___ Information shown

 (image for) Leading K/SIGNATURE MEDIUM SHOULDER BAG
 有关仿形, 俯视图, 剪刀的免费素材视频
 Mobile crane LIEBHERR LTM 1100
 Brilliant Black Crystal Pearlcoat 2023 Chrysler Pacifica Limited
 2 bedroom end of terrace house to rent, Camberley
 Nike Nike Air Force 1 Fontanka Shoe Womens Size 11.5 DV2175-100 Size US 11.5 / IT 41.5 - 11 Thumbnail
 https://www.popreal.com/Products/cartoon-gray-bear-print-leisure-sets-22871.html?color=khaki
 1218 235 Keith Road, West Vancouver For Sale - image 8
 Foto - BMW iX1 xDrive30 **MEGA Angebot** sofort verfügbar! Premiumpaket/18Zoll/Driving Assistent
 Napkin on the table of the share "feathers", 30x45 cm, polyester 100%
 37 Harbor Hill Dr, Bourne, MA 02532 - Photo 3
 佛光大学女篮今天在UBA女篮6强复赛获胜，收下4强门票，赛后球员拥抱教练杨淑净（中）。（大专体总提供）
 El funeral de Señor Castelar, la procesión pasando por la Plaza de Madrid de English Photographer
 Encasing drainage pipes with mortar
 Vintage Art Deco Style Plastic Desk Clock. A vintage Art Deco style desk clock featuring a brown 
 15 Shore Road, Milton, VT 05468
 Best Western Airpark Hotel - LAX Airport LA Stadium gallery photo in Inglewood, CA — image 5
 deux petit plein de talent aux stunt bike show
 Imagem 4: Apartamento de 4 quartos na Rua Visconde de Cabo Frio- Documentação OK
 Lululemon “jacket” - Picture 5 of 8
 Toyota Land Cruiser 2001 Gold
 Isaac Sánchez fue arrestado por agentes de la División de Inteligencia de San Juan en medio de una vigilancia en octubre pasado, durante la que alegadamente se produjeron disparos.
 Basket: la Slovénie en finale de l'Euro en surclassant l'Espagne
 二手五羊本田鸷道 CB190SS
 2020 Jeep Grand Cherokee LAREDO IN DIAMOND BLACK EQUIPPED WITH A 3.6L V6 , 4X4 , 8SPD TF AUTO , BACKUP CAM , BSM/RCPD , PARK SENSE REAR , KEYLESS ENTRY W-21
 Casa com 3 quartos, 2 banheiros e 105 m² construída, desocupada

______

Write out each line exactly, as it is shown above.

**Exercise result**
 (image for) Leading K/SIGNATURE MEDIUM SHOULDER BAG
 有关仿形, 俯视图, 剪刀的免费素材视频
 Mobile crane LIEBHERR LTM 1100
 Brilliant Black Crystal Pearlcoat 2023 Chrysler Pacifica Limited
 2 bedroom end of terrace house to rent, Camberley
 Nike Nike Air Force 1 Fontanka Shoe Womens Size 11.5 DV2175-100 Size US 11.5 / IT 41.5 - 11 Thumbnail
 https://www.popreal.com/Products/cartoon-gray-bear-print-leisure-sets-22871.html?color=khaki
 1218 235 Keith Road, West Vancouver For Sale - image 8
 Foto - BMW iX1 xDrive30 **MEGA Angebot** sofort verfügbar! Premiumpaket/18Zoll/Driving Assistent
 Napkin on the table of the share "feathers", 30x45 cm, polyester 100%
 37 Harbor Hill Dr, Bourne, MA 02532 - Photo 3
 佛光大学女篮今天在UBA女篮6强复赛获胜，收下4强门票，赛后球员拥抱教练杨淑净（中）。（大专体总提供）
 El funeral de Señor Castelar, la procesión pasando por la Plaza de Madrid de English Photographer
 Encasing drainage pipes with mortar
 Vintage Art Deco Style Plastic Desk Clock. A vintage Art Deco style desk clock featuring a brown 
 15 Shore Road, Milton, VT 05468
 Best Western Airpark Hotel - LAX Airport LA Stadium gallery photo in Inglewood, CA — image 5
 deux petit plein de talent aux stunt bike show
 Imagem 4: Apartamento de 4 quartos na Rua Visconde de Cabo Frio- Documentação OK
 Lululemon “jacket” - Picture 5 of 8
 Toyota Land Cruiser 2001 Gold
 Isaac Sánchez fue arrestado por agentes de la División de Inteligencia de San Juan en medio de una vigilancia en octubre pasado, durante la que alegadamente se produjeron disparos.
 Basket: la Slovénie en finale de l'Euro en surclassant l'Espagne
 二手五羊本田鸷道 CB190SS
 2020 Jeep Grand Cherokee LAREDO IN DIAMOND BLACK EQUIPPED WITH A 3.6L V6 , 4X4 , 8SPD TF AUTO , BACKUP CAM , BSM/RCPD , PARK SENSE REAR , KEYLESS ENTRY W-21
 Casa com 3 quartos, 2 banheiros e 105 m² construída, desocupada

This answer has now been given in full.